• _EXERCISE DATA_:
☆ ☆ ☆
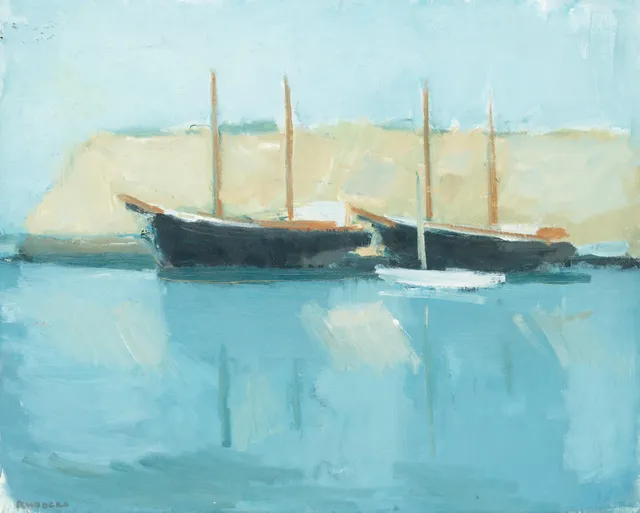 Gustav Rudberg, "Båtar i hamn, Hven".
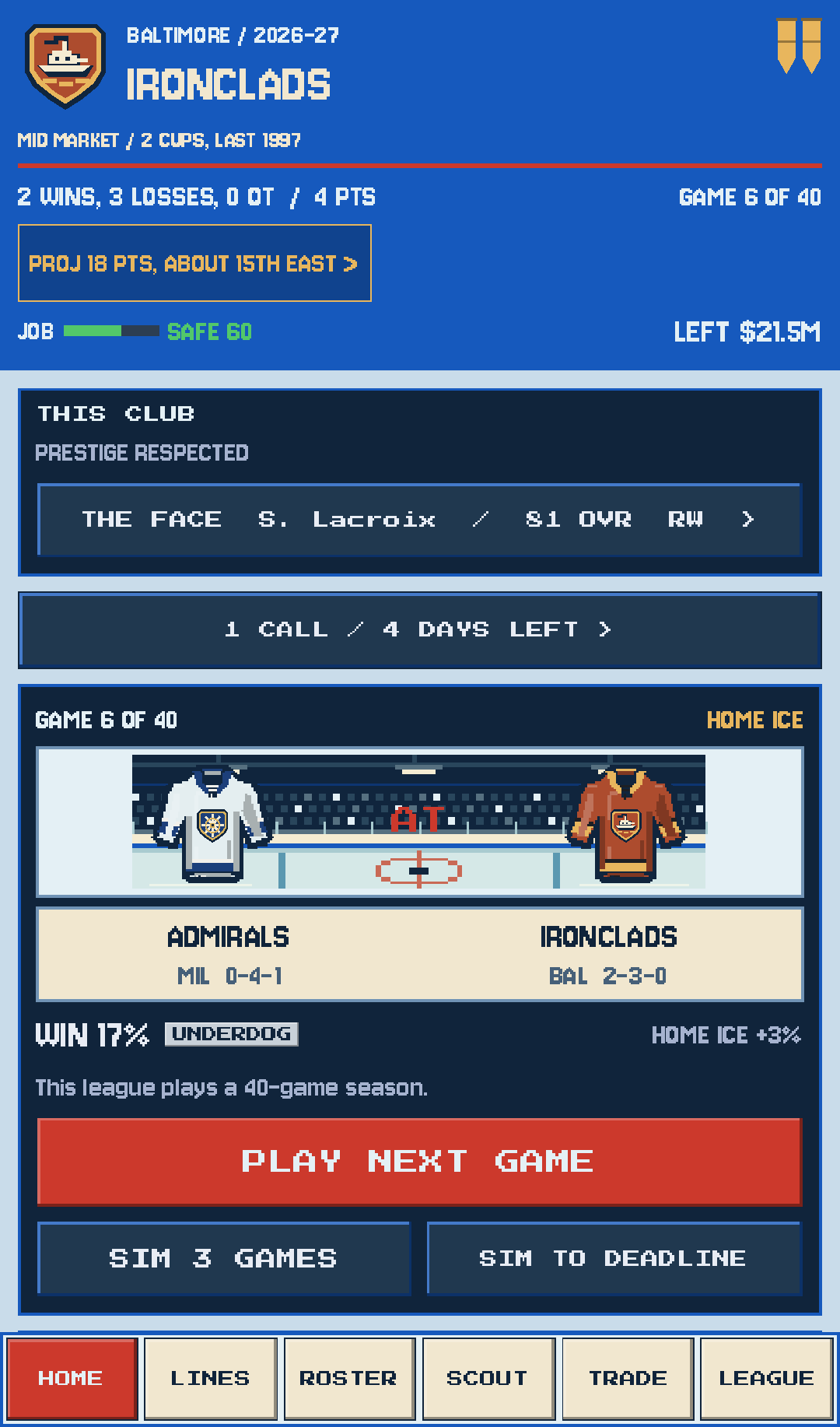 FACEOFF home screen: Baltimore Ironclads, your job security, and the next matchup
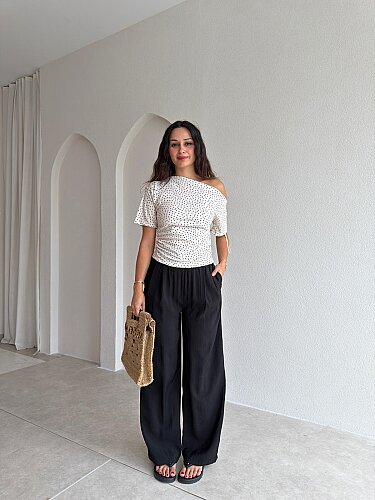 SELGE Puantiyeli Bluz 3048 - Beyaz - 2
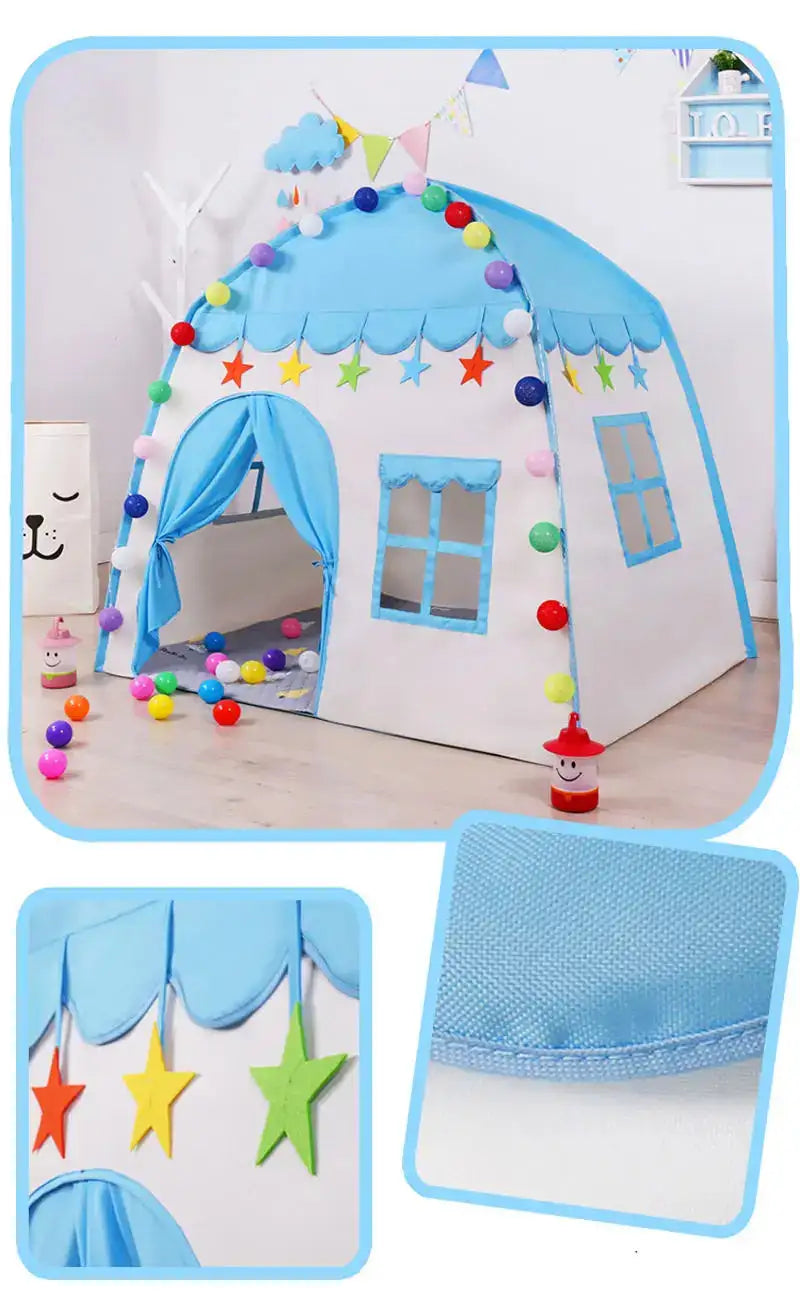 Children's Tent Indoor Outdoor Games Garden Tipi Princess Castle Folding Cubby Toys Tents Enfant Room House Teepee Playhouse - Lootquake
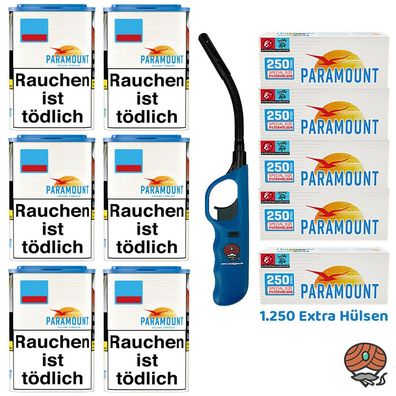 Paramount Blue Volumentabak Dose 6x 80g, 1250 Blue Extra Hülsen, Stabfeuerzeug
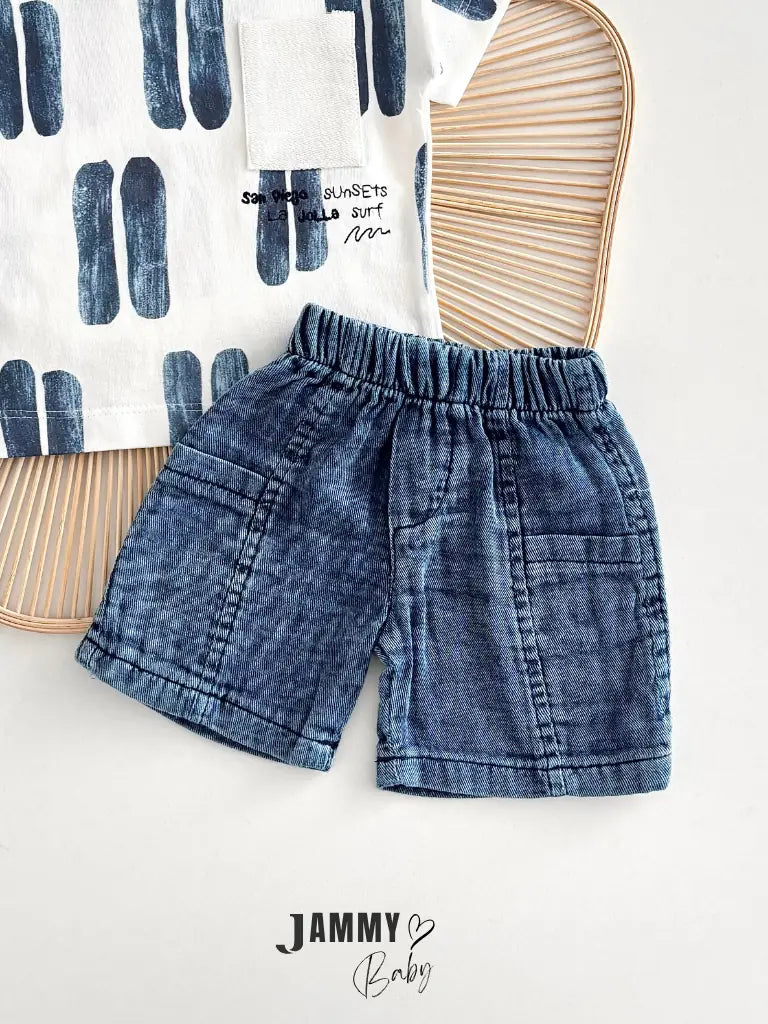 Pepee Watercolor Patterned 2-Piece Set – Dark Blue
☆ ☆ ☆
• _WORK INSTRUCTIONS_:
Exact copy, pictures omitted: every line from the one holding "Paramount Blue Volumentabak" through the last line of the data above, and nothing else.

• _REPLY_:
 Paramount Blue Volumentabak Dose 6x 80g, 1250 Blue Extra Hülsen, Stabfeuerzeug
 Pepee Watercolor Patterned 2-Piece Set – Dark Blue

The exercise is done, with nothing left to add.